Spotkanie prowadził lider lokalnych struktur Platformy Obywatelskiej Witold Kochan.
Pierwsza głos zabrała wiceprzewodnicząca Platformy Obywatelskiej, Izabella Leszczyna.
Jeździmy po Polsce, spotykamy się w wielu miejscach z mieszkańcami, są to spotkania otwarte, na które zapraszamy naszych sympatyków, ale też i adwersarzy – powiedziała Izabela Leszczyna.
Chcemy dyskutować o tym, jakiej Polski chcą Polacy, jaka Polska jest nam wszystkim potrzebna.
Chciałabym zacząć od tego, że w najbliższych wyborach musimy wygrać. Nie ma innego wyjścia. Coraz częściej prezes Kaczyński, premier Morawiecki i cała ekipa z PiS-u czuje, że ich czasy się kończą. Słyszymy o kolejnych dziwnych pomysłach partii rządzącej, jak np. liczenie głosów podczas wyborów nie w komisjach wyborczych, lecz w jednym centralnym miejscu.
Są to koszmarne pomysły, takie wbrew ludziom. Musimy się temu przeciwstawić.
Potem głos zabrała Jagna Marczułajtis–Walczak
Podczas ostatnich wyborów prezydenckich czuliśmy, że możemy zmienić władzę w tym kraju. Byliśmy bardzo blisko – powiedziała Jagna Marczułajtis–Walczak.
Mówi się, że te wybory nie były uczciwie tak, jakie powinny być. W wielu miejscach, min. tam gdzie ja głosowałam, na Podhalu, były zgłaszane problemy w komisjach wyborczych.

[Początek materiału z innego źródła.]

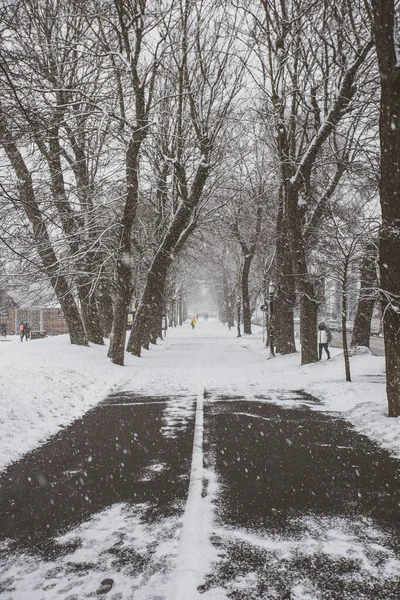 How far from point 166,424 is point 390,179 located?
5.72 meters

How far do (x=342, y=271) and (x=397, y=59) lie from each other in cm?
656

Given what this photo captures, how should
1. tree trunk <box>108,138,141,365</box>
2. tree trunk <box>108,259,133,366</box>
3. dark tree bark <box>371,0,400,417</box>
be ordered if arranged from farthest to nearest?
tree trunk <box>108,259,133,366</box>
tree trunk <box>108,138,141,365</box>
dark tree bark <box>371,0,400,417</box>

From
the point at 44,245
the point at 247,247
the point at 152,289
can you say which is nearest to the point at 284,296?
the point at 152,289

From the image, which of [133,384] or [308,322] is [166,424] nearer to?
[133,384]

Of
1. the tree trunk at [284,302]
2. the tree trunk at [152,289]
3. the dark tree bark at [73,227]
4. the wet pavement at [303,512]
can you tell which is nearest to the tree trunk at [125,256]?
the dark tree bark at [73,227]

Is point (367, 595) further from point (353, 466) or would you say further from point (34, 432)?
point (34, 432)

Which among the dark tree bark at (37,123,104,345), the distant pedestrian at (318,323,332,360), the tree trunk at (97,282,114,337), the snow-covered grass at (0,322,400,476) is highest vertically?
the dark tree bark at (37,123,104,345)

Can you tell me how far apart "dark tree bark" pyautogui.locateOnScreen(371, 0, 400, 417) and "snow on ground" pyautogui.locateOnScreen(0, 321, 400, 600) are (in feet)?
3.82

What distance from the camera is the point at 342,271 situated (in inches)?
511

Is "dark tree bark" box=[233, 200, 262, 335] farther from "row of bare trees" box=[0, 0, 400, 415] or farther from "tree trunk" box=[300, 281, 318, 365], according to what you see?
"tree trunk" box=[300, 281, 318, 365]

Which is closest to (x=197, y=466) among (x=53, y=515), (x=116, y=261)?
(x=53, y=515)

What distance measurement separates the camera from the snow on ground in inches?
125

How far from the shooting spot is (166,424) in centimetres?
820

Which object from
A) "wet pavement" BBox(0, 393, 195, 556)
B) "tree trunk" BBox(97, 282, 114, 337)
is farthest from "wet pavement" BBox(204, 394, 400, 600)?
"tree trunk" BBox(97, 282, 114, 337) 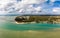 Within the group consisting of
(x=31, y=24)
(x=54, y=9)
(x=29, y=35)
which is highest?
(x=54, y=9)

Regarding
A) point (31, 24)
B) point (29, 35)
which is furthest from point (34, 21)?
point (29, 35)

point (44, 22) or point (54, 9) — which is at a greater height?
point (54, 9)

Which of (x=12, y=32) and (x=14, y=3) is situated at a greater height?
(x=14, y=3)

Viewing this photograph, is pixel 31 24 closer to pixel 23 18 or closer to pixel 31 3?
pixel 23 18

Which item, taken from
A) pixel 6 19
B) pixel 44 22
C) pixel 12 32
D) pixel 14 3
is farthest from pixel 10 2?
pixel 44 22

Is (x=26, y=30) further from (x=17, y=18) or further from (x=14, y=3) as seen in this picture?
(x=14, y=3)

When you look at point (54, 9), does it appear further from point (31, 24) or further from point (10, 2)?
point (10, 2)

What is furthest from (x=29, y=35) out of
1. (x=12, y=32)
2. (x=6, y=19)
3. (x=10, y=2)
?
(x=10, y=2) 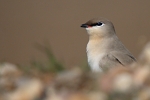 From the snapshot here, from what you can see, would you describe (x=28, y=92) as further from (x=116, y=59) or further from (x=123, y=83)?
(x=116, y=59)

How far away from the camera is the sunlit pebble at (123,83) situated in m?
0.69

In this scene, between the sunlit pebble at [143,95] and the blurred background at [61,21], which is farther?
the blurred background at [61,21]

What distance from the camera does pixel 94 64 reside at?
205 centimetres

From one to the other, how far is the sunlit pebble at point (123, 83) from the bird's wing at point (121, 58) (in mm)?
1180

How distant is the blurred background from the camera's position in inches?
151

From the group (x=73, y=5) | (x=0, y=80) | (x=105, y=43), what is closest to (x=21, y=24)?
(x=73, y=5)

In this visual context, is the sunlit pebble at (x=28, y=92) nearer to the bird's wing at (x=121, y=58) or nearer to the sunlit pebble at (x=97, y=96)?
the sunlit pebble at (x=97, y=96)

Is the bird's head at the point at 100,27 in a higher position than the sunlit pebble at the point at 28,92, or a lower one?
lower

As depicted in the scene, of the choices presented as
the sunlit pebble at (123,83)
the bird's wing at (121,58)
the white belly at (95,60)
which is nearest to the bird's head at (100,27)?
the white belly at (95,60)

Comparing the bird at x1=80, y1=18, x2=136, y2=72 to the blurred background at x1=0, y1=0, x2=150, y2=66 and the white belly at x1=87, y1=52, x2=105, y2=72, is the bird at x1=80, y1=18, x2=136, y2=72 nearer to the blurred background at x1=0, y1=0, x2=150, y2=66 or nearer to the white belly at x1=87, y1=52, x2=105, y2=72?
the white belly at x1=87, y1=52, x2=105, y2=72

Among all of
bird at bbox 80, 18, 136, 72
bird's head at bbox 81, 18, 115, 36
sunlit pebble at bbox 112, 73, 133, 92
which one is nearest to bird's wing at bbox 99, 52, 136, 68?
bird at bbox 80, 18, 136, 72

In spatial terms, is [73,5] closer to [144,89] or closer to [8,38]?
[8,38]

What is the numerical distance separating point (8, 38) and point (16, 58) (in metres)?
0.45

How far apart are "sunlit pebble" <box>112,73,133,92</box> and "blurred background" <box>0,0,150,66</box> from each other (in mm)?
2977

Wobec tych wydarzeń rodzi się inicjatywa ochrony prawidłowości wyborów, ma to polegać na tym, że w każdej komisji wyborczej ma być człowiek, który będzie patrzył na to, co się dzieje podczas wyborów.

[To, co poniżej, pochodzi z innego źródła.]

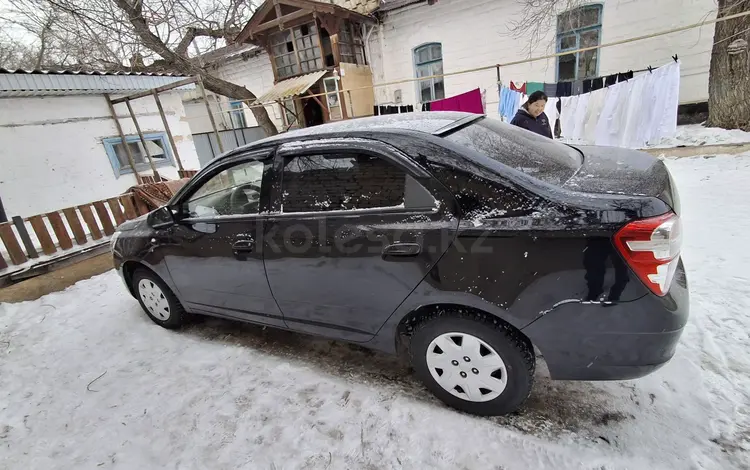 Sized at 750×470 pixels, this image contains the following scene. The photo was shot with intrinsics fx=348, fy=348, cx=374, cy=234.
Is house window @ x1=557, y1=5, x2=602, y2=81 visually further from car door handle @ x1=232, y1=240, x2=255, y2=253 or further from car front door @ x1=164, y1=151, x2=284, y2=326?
car door handle @ x1=232, y1=240, x2=255, y2=253

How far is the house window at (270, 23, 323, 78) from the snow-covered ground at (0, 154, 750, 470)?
40.3 ft

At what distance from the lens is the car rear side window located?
188 centimetres

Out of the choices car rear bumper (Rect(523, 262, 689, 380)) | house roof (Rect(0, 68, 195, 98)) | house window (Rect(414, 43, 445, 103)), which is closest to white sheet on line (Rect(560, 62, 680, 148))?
house window (Rect(414, 43, 445, 103))

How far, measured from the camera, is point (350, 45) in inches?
503

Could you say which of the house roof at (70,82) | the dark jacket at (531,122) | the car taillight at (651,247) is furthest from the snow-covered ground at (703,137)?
the house roof at (70,82)

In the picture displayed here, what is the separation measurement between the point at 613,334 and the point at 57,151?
8.80 m

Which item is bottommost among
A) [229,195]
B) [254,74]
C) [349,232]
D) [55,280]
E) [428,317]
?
[55,280]

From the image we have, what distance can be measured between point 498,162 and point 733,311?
2.18m

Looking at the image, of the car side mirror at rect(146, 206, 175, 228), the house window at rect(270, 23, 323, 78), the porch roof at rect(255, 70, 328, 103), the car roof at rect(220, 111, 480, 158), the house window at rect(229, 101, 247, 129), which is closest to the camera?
the car roof at rect(220, 111, 480, 158)

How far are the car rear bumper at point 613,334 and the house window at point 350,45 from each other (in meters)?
12.7

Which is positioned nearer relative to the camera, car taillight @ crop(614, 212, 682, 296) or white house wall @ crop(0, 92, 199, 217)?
car taillight @ crop(614, 212, 682, 296)

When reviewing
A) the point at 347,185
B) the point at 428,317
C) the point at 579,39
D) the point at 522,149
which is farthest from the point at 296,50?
the point at 428,317

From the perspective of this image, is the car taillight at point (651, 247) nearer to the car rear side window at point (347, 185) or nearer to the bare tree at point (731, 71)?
the car rear side window at point (347, 185)

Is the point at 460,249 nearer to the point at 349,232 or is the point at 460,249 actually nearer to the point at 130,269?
the point at 349,232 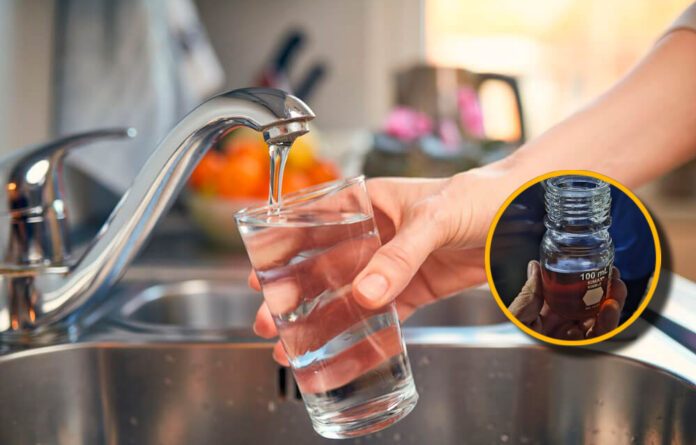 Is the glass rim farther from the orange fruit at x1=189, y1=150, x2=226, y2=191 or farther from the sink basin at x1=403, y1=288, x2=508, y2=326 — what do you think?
the orange fruit at x1=189, y1=150, x2=226, y2=191

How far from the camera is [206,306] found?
0.87 meters

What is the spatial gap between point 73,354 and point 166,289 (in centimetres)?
25

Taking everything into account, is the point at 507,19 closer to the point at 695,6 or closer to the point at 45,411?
the point at 695,6

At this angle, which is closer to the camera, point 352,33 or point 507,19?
point 352,33

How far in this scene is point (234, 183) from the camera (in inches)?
44.2

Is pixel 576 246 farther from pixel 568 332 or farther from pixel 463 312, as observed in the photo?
pixel 463 312

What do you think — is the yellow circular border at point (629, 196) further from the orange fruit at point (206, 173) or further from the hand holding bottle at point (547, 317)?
the orange fruit at point (206, 173)

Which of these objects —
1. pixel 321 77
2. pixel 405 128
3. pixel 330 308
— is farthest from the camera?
pixel 321 77

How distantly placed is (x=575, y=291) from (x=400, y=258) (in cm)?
13

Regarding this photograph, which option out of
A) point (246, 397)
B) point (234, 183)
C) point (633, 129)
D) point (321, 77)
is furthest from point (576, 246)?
point (321, 77)

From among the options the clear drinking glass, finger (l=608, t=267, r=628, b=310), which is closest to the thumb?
the clear drinking glass

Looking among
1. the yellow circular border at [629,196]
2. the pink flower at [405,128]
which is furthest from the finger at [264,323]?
the pink flower at [405,128]

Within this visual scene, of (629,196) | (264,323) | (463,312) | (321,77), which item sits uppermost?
(321,77)

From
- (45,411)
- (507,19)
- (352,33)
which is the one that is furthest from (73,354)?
(507,19) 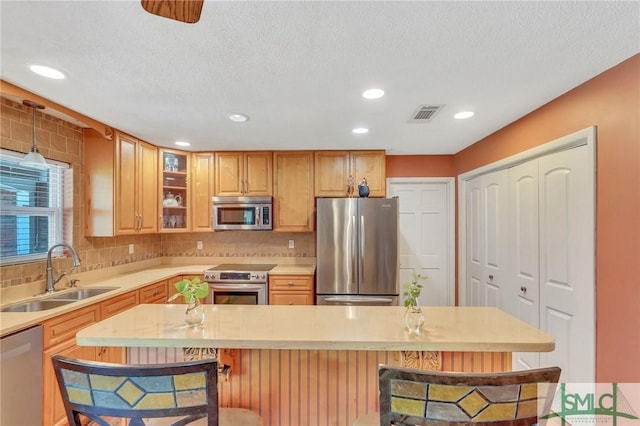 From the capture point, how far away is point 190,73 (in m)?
1.64

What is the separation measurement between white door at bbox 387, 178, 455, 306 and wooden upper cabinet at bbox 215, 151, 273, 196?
1577 millimetres

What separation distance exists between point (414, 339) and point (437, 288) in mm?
2781

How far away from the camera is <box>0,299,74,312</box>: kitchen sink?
202 centimetres

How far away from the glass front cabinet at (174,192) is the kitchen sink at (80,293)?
39.7 inches

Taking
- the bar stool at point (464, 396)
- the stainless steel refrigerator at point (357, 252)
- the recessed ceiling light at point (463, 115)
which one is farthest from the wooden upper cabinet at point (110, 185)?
the recessed ceiling light at point (463, 115)

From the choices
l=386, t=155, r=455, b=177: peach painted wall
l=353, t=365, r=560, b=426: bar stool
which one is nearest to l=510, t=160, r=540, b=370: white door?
l=386, t=155, r=455, b=177: peach painted wall

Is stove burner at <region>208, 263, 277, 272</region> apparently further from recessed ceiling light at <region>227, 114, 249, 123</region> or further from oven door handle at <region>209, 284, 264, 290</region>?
recessed ceiling light at <region>227, 114, 249, 123</region>

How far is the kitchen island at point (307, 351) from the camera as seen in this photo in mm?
1219

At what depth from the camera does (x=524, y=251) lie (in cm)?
238

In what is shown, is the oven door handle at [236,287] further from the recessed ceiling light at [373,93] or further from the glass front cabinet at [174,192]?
the recessed ceiling light at [373,93]

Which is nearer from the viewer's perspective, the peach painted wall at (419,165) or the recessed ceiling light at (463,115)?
the recessed ceiling light at (463,115)

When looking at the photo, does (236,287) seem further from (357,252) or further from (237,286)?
(357,252)

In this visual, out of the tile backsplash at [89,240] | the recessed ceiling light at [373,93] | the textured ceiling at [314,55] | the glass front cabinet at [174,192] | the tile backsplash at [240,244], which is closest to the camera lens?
the textured ceiling at [314,55]

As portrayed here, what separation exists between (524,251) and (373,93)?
1.78 meters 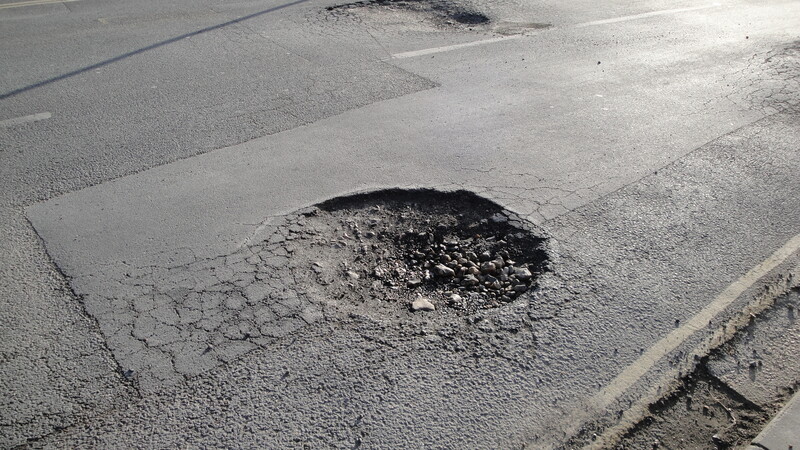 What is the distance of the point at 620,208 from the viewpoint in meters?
5.29

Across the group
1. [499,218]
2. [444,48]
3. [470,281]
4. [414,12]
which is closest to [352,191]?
[499,218]

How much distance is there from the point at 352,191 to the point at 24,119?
13.0ft

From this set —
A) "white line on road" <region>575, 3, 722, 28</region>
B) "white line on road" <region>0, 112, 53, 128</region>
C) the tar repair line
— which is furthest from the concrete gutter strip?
"white line on road" <region>575, 3, 722, 28</region>

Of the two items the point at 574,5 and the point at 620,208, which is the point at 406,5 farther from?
the point at 620,208

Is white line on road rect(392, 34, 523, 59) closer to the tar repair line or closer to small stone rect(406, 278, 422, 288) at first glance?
the tar repair line

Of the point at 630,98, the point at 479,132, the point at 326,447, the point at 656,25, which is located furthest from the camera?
the point at 656,25

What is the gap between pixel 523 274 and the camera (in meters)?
4.37

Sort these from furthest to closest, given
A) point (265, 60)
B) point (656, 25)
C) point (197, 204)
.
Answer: point (656, 25), point (265, 60), point (197, 204)

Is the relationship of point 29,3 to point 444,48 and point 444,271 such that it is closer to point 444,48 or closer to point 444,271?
point 444,48

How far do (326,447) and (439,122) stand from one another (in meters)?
4.51

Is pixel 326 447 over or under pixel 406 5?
under

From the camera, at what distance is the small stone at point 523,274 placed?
435 cm

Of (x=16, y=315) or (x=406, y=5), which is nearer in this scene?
(x=16, y=315)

Apeluję, żebyśmy wszyscy szli do wyborów, bo cały czas są rezerwy frekwencji. Chcemy odwrócić te szalone rządy Prawa i Sprawiedliwości.
Kolejnym mówcą był senator Bogdan Klich.
Przełom zbliża się wielkimi krokami. Podczas spotkań w mniejszych miejscowościach, takich jak Wieliczka, Bochnia, Wadowice, widać, że ludzie mówią "wystarczy, koniec, mamy dość" – powiedział senator Bogdan Klich.

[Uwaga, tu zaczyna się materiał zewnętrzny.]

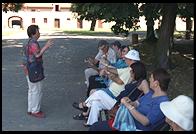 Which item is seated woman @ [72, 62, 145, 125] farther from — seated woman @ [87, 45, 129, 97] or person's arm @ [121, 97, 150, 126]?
person's arm @ [121, 97, 150, 126]

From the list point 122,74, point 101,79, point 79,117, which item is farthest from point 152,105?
point 101,79

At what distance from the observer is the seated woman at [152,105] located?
4.77 meters

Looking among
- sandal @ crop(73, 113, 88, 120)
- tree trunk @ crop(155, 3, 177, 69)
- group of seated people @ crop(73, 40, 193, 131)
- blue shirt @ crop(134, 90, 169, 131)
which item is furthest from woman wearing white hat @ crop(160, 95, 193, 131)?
tree trunk @ crop(155, 3, 177, 69)

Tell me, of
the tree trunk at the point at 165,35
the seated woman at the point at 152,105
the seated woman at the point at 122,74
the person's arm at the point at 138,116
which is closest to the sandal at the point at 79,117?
the seated woman at the point at 122,74

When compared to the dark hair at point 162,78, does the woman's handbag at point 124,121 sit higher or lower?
lower

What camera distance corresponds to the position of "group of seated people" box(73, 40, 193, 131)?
429 centimetres

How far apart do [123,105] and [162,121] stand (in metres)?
0.59

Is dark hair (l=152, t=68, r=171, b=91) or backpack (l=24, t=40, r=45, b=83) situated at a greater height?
dark hair (l=152, t=68, r=171, b=91)

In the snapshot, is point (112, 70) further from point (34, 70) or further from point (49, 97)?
point (49, 97)

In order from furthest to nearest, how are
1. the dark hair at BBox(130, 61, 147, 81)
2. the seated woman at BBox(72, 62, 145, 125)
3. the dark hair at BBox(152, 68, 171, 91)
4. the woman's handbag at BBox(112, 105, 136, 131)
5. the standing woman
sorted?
1. the standing woman
2. the seated woman at BBox(72, 62, 145, 125)
3. the dark hair at BBox(130, 61, 147, 81)
4. the woman's handbag at BBox(112, 105, 136, 131)
5. the dark hair at BBox(152, 68, 171, 91)

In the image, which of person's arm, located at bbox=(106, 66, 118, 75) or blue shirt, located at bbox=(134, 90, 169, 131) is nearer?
blue shirt, located at bbox=(134, 90, 169, 131)

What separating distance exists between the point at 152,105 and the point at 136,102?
56 cm

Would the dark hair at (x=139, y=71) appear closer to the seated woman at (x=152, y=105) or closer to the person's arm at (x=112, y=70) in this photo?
the seated woman at (x=152, y=105)

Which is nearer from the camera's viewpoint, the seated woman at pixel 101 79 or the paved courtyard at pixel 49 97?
the paved courtyard at pixel 49 97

Mam wrażenie, że państwo potrzebują od polityków mniej diagnozy, a więcej rezerwy. Padają pytania co robić dalej, jak to będzie z tą Polską po zdewastowaniu sądownictwa, przy kulejącej służbie zdrowia, przy szkolnictwie, które zostało poddane najwyższej próbie, czy obojętnym podejściu państwa do problemów czystego powietrza i wody. Co z pozycją Polski w Unii Europejskiej, bo mam wrażenie że zostaliśmy przesunięci na dalsze miejsce w szeregu.
Ponad 170 mld zł z funduszu Krajowego Planu Odbudowy czeka na to, by rząd spełnił podstawowe oczekiwania Unii Europejskiej, ale też oczekiwania Polaków w kontekście wolnych sądów. Według nas środki z tego funduszu mają być przeznaczone na ochronę zdrowia, ekologię i klimat, edukację oraz innowacje.
Sondaże pokazują, że Polacy opowiadają się za niezależnym sądownictwem, że nie chcą przystać na podporządkowanie sądów władzom politycznym.
Przygotujmy się do wyborów, idźmy do wyborów i upominajmy się o to, co wszystkim Polakom się należy, a do czego PiS nie dopuszcza.
Potem nastąpiła sesja pytań i odpowiedzi, w której przewijały się pytania o wyliczenia kwot należnych Polsce w ramach KPO, o zadłużenie państwa poza jego budżetem, a także o sytuację w Unii po wygranej prawicy w wyborach we Włoszech.
Jeden z uczestników spotkania zapytał też o powody braku zjednoczenia się opozycji i pójścia do wyborów w jednym bloku.
W mojej ocenie jest to indywidualny interes liderów partii opozycyjnych i ich otoczenia – powiedziała Izabela Leszczyna.
Donald Tusk, zaraz po powrocie do Polski powiedział, że wszyscy powinniśmy iść do wyborów na wspólnej liście, ale to oznacza że my musielibyśmy ustąpić miejsca innym i to Platforma straciłaby najwięcej biorąc pod uwagę nasz interes partyjny. Ale my to jesteśmy w stanie zrobić, bo chcemy to zrobić dla Polski, i wygrać te wybory, jeśli nie wspólnie to sami.